Alcé el tercer dedo. Había algo mal: tenía tres dedos pero veía apenas dos pájaros.
Johnny preguntó por qué no me metía los dedos en culo.
¿Era simple curiosidad o se trataba de una sugerencia?
–Dejate de joder, gordo. Hablemos en serio.
Eso hacía, pero me cuidé de aclararlo. Siempre es preferible ser tomado por bromista.
–Ahora dame el disquete.
El disquete, sí, el disquete con los archivos y la foto de Caról y el Hombre Araña.
Johnny tendió su mano sobre la mesa, con la palma hacia arriba.
–¿Y el disquete?
Me palpé los bolsillos. Sonreí, sospecho que un poco pálido.
Johnny se echó hacia atrás y cerró los ojos.
–Dejaste el disquete en la computadora de Caról...
Adopté la postura Meditación Trascendental. Manos cruzadas sobre el abdomen, ojos cerrados, graves cabeceos de asentimiento.
–¿Por qué sos tan autodestructivo?
Una pregunta retórica. Argumenté:
–Fue un olvido.
–Sí –aceptó Johnny–. Es común en vos. Seguramente jugarías a la ruleta rusa con una pistola automática.
Johnny tiene sentido del humor, ya lo dije. Traté de aguantar la risa. Imposible.
La panza de Johnny también se sacudía.
Pedimos otra cerveza. Estábamos en un pequeño bar americano, sobre la calle Venezuela. Según había podido comprobar, luego de un vistazo superficial a la carpeta “Patrulla”, la oficial Quintana había detectado nuestros encuentros en el Ebro. Se limitaba a asentarlos, secamente, sin comentarios, pero el mero registro en el dossier los volvía sospechosos.
Johnny vació el vaso de un trago.
–Vamos a tener que movernos rápido.
El problema era hacia donde. En cualquiera de los rumbos posibles se abría un precipicio.
Propuse una línea de acción contemplativa, citando un antiguo refrán árabe: “Si estás hundido hasta el cuello en un mar de mierda, no hagas olas”.
–¿Qué pueden saber los árabes del mar? –dijo Johnny.
Quedé confundido, pensando. Al fin, olvidé a los árabes y volví a la realidad, por así decirlo. De abrir el disquete, y si lograba sobrevivir al shock, era posible que la oficial Quintana no nos reconociera, aunque en ese sentido Johnny corría menos riesgos que yo.

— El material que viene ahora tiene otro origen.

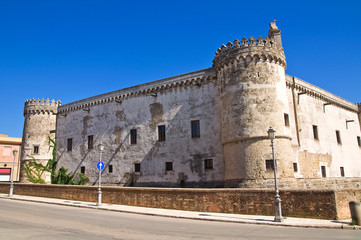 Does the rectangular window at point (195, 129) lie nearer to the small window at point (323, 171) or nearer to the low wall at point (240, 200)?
the low wall at point (240, 200)

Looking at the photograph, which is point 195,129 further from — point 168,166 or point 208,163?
point 168,166

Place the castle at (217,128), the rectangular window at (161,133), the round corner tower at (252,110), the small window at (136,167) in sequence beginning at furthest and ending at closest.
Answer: the small window at (136,167), the rectangular window at (161,133), the castle at (217,128), the round corner tower at (252,110)

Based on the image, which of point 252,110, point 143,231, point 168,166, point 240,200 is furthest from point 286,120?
point 143,231

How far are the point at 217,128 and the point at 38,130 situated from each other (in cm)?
2052

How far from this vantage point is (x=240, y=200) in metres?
13.4

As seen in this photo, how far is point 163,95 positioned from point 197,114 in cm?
381

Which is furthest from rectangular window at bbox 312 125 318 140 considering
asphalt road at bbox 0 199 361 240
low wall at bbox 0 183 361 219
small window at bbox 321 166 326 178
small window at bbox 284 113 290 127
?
asphalt road at bbox 0 199 361 240

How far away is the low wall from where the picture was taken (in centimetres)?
1169

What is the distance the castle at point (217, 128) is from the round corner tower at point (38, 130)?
105 millimetres

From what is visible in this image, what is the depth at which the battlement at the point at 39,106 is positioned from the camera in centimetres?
3186

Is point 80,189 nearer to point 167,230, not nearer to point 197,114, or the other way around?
point 197,114

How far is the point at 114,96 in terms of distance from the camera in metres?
28.2

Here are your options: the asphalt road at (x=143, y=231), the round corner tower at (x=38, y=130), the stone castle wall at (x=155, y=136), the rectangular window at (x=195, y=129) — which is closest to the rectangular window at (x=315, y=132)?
the stone castle wall at (x=155, y=136)

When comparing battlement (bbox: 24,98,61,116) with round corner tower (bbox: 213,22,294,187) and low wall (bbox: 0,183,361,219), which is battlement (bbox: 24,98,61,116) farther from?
round corner tower (bbox: 213,22,294,187) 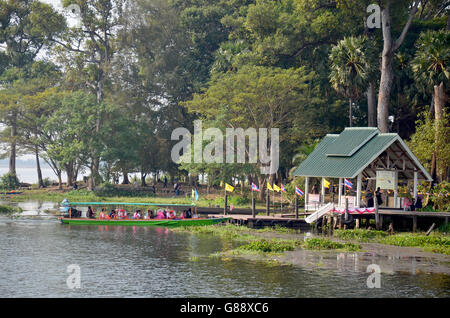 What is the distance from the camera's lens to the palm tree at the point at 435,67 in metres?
51.8

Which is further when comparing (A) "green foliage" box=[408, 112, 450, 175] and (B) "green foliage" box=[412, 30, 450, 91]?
(B) "green foliage" box=[412, 30, 450, 91]

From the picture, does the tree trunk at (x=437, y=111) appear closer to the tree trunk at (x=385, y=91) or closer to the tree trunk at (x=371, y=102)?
the tree trunk at (x=385, y=91)

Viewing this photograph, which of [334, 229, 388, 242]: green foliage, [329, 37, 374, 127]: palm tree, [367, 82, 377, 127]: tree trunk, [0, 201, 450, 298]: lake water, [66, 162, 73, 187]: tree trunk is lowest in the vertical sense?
[0, 201, 450, 298]: lake water


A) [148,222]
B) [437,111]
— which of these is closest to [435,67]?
[437,111]

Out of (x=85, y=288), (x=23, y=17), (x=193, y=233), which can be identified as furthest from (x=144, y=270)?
(x=23, y=17)

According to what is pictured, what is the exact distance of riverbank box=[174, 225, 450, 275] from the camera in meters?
31.9

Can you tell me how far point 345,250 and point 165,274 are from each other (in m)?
11.9

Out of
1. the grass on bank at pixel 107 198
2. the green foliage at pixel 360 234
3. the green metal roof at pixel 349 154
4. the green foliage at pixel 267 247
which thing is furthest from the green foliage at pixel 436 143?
the green foliage at pixel 267 247

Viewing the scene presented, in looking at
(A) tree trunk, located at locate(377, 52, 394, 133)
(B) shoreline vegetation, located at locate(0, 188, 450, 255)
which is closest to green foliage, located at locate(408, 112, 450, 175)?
(A) tree trunk, located at locate(377, 52, 394, 133)

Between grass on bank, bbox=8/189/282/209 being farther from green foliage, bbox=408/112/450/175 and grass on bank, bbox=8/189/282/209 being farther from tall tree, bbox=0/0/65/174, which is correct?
green foliage, bbox=408/112/450/175

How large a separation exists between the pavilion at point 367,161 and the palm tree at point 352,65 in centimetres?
1312

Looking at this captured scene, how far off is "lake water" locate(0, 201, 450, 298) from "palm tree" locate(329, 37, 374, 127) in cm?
2630

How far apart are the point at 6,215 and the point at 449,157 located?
37599mm

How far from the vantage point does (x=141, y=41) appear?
82.7 meters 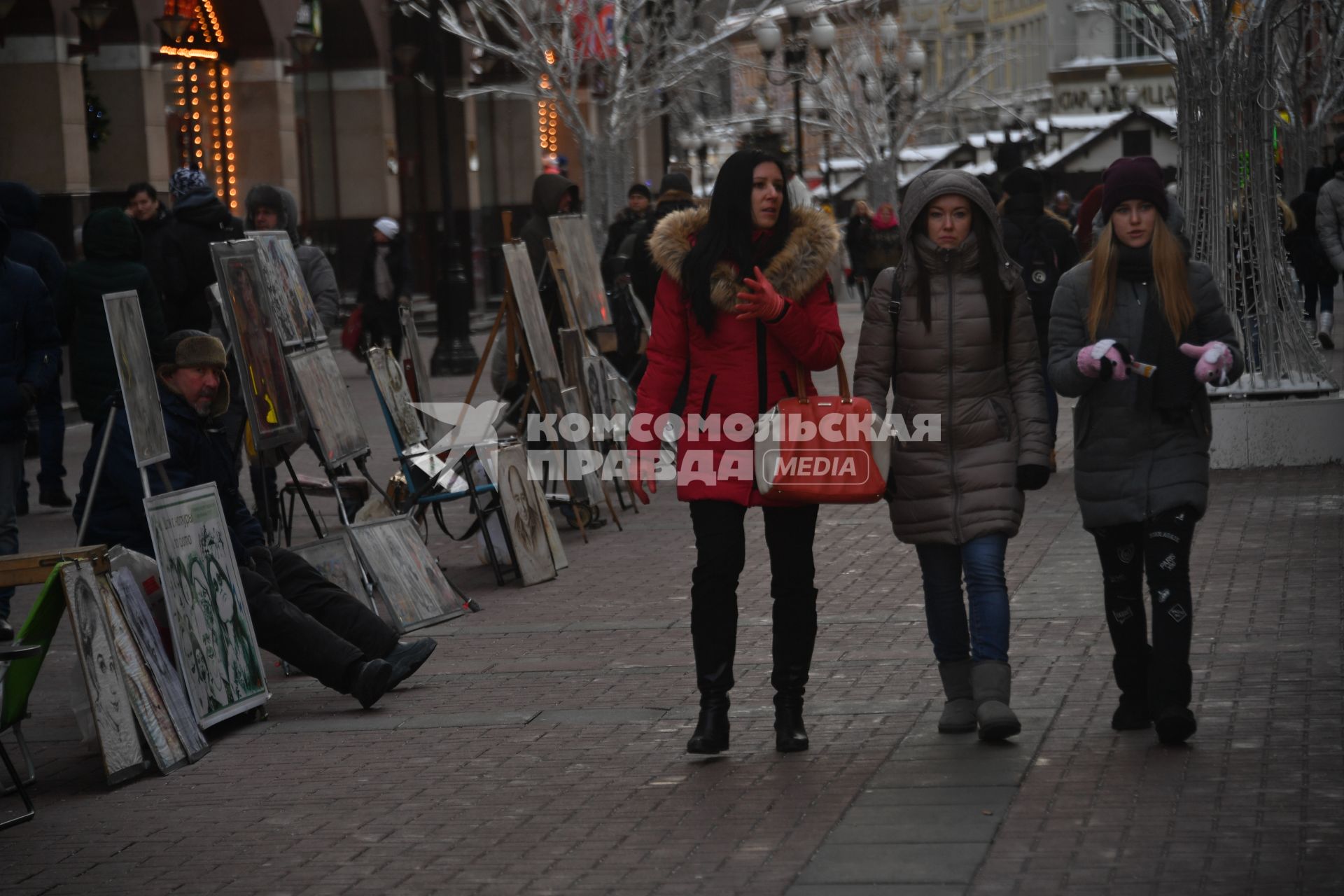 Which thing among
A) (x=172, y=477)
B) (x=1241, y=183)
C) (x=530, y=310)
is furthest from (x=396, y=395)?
(x=1241, y=183)

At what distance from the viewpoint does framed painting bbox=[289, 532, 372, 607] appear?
863cm

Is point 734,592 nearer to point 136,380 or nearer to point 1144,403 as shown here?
point 1144,403

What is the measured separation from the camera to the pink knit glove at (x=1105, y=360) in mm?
5949

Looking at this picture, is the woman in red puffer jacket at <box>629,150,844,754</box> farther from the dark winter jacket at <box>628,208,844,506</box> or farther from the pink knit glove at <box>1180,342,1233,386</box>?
the pink knit glove at <box>1180,342,1233,386</box>

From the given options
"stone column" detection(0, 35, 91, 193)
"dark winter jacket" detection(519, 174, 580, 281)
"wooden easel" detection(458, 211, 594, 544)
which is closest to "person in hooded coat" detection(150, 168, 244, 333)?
"wooden easel" detection(458, 211, 594, 544)

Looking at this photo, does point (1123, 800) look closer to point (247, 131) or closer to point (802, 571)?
point (802, 571)

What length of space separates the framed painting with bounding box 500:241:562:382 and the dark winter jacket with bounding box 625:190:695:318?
991 mm

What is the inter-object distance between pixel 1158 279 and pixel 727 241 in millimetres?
1341

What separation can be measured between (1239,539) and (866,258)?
18429 mm

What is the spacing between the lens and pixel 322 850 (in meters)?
5.62

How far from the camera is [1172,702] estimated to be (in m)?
6.00

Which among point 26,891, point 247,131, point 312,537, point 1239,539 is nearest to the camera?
point 26,891

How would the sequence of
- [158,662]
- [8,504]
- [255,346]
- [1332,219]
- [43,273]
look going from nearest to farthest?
[158,662], [255,346], [8,504], [43,273], [1332,219]

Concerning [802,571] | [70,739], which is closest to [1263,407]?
[802,571] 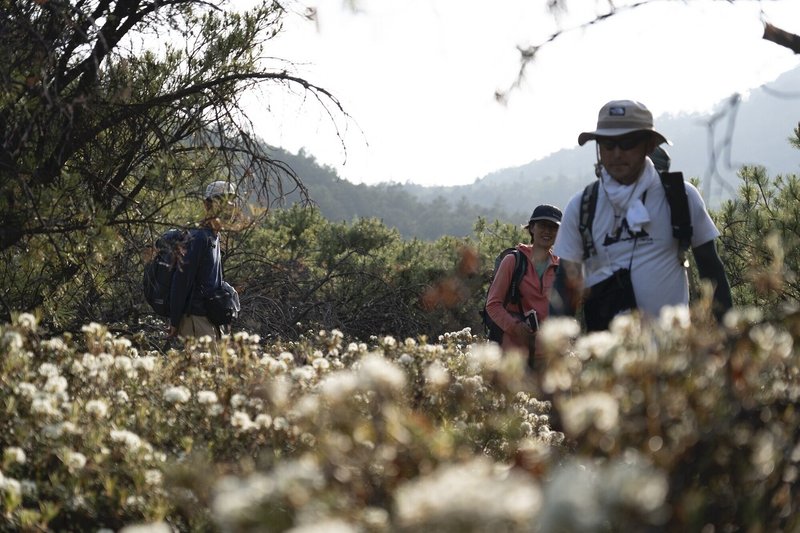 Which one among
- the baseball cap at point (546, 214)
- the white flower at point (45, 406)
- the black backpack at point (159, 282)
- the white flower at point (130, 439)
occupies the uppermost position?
the baseball cap at point (546, 214)

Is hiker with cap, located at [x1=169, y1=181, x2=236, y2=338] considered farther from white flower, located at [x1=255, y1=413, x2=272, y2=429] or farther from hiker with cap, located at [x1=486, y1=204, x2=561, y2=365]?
white flower, located at [x1=255, y1=413, x2=272, y2=429]

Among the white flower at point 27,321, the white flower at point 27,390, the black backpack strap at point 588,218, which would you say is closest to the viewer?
the white flower at point 27,390

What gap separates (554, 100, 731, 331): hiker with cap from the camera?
3.83 metres

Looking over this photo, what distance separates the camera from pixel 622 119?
390cm

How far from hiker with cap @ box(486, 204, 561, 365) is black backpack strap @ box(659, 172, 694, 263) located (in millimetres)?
1841

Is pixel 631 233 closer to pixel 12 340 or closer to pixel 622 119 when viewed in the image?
pixel 622 119

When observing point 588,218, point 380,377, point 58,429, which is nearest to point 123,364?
point 58,429

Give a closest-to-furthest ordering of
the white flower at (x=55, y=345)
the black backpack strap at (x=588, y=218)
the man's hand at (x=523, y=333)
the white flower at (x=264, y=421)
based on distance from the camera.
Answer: the white flower at (x=264, y=421) → the white flower at (x=55, y=345) → the black backpack strap at (x=588, y=218) → the man's hand at (x=523, y=333)

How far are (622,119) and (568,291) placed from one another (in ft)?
2.74

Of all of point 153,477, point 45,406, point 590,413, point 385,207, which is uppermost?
point 385,207

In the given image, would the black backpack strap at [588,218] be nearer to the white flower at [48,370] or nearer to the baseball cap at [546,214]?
the baseball cap at [546,214]

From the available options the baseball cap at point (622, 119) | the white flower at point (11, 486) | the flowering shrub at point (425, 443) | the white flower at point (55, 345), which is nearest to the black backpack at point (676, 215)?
the baseball cap at point (622, 119)

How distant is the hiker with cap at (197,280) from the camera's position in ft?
18.8

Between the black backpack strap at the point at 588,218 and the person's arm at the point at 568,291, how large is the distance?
79mm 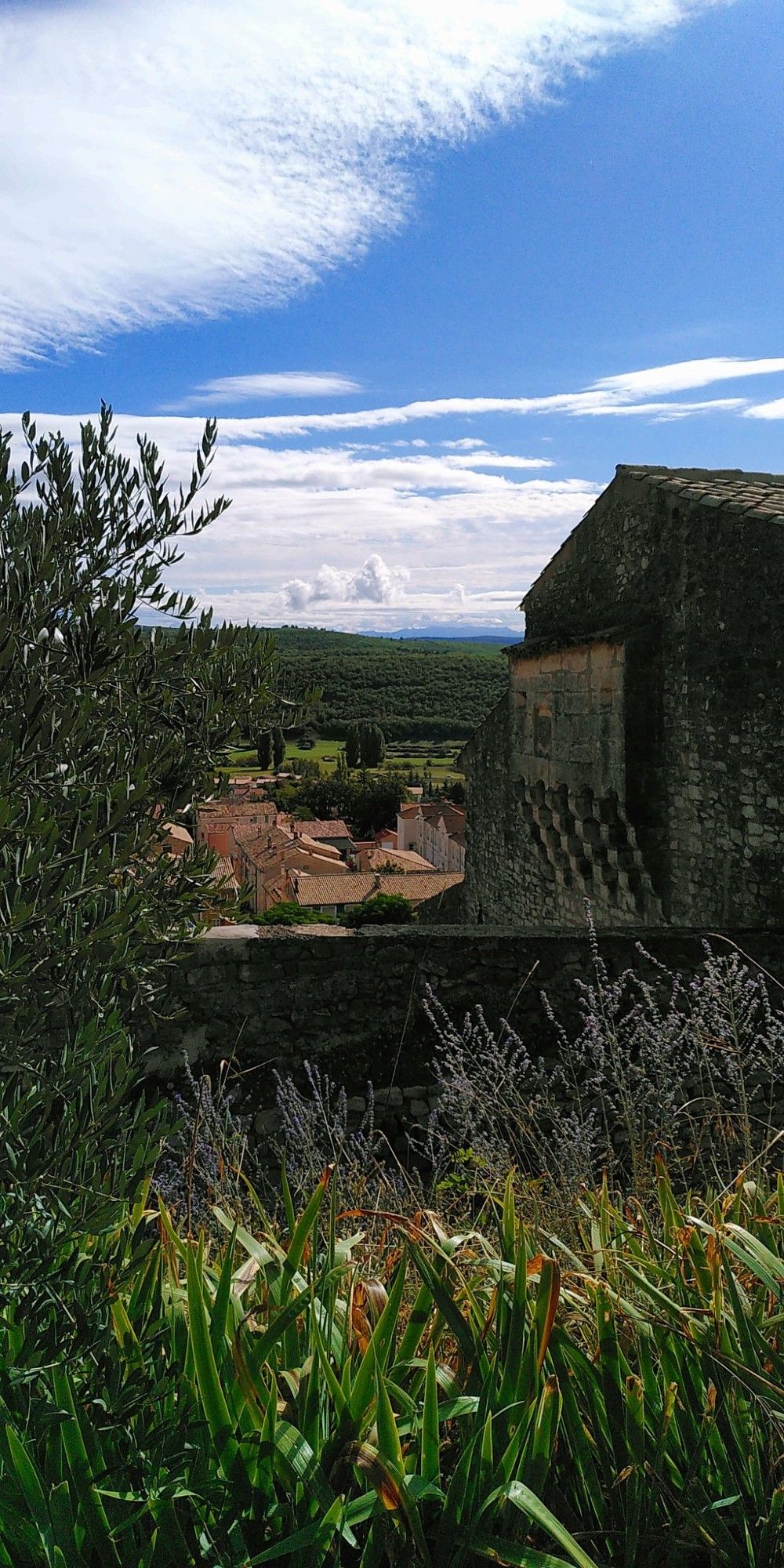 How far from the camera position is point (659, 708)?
321 inches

Pero sabría que alguien había usado su computadora y nuestro plan de escarmentar a Libermann fracasaría antes de empezar.
Libermann. Por un momento me había olvidado de él. Y de Sara.
–Hay una solución –aseguró Johnny–: acelerar los tiempos. Sorprender a Caról antes de que alcance a reaccionar.
Sonaba estupendo, hasta que Johnny esbozó su plan. Y media hora después regresó con un bolso que contenía los elementos necesarios para la Fase Uno.